I also have some friends who get things done during the night when there are no distractions. (I’m more of a morning bird than a night owl, so this approach doesn’t work for me, but it might work for you!)
8. Dedicate a few days each week to work
My final productivity tip: set work days aside if you’re struggling to find the time to actually sit down and get stuff done. Throughout my travels, I always set aside at least two days a week where work is my #1 priority.
I do miss out on a lot of fun activities during these two days dedicated solely to work, but that’s what we all signed up for, isn’t it? The rest of the days I’m more flexible depending on my travel plans.
Keeping my Mondays and Wednesdays as definite workdays has helped me get into a routine and because of that, I have managed to take long trips without having to worry about my freelancing business falling apart.
Of course, you might need more than two days to get all your work done, especially if you’re working a full-time remote job. So take a look at your workload and make a realistic schedule based on what you need to get done.

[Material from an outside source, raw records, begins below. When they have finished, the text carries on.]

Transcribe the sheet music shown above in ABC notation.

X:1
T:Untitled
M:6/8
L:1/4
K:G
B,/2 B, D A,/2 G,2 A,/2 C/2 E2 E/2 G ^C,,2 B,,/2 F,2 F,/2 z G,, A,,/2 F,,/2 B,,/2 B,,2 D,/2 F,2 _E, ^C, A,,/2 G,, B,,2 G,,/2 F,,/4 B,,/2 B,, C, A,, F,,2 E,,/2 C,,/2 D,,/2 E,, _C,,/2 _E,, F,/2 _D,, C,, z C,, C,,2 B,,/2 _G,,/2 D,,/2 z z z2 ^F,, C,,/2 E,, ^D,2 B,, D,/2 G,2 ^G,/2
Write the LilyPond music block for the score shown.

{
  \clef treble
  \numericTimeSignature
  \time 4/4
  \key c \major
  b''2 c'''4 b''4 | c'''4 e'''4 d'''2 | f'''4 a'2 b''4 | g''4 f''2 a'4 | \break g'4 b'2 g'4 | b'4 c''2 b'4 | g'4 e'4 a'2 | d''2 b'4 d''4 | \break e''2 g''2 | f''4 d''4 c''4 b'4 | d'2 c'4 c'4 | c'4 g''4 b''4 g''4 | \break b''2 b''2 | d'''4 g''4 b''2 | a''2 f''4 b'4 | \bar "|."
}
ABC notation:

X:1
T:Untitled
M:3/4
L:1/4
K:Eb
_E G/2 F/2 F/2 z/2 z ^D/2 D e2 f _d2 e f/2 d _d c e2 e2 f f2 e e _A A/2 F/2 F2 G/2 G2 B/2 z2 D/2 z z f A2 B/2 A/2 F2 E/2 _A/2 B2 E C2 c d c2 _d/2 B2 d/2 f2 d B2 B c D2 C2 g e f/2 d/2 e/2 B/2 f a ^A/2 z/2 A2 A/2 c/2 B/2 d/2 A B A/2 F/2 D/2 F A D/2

But remember that even a full-time job doesn’t necessarily require 40 hours per week, especially if you can optimize your productivity and get more done in less time.
How to be more productive at work when you’re remote
To be honest, there’s no magic pill that will make you a productivity machine overnight. But, I hope this list of my best productivity hacks gave you inspiration to cultivate habits that will help you focus and get into a routine.
You don’t need to copy someone else’s process, but instead design habits that work for you. And most importantly, take time to appreciate what you’re doing.
After all, not everyone gets to work around the globe. Nothing will increase your productivity and motivation levels quite like having a positive mindset.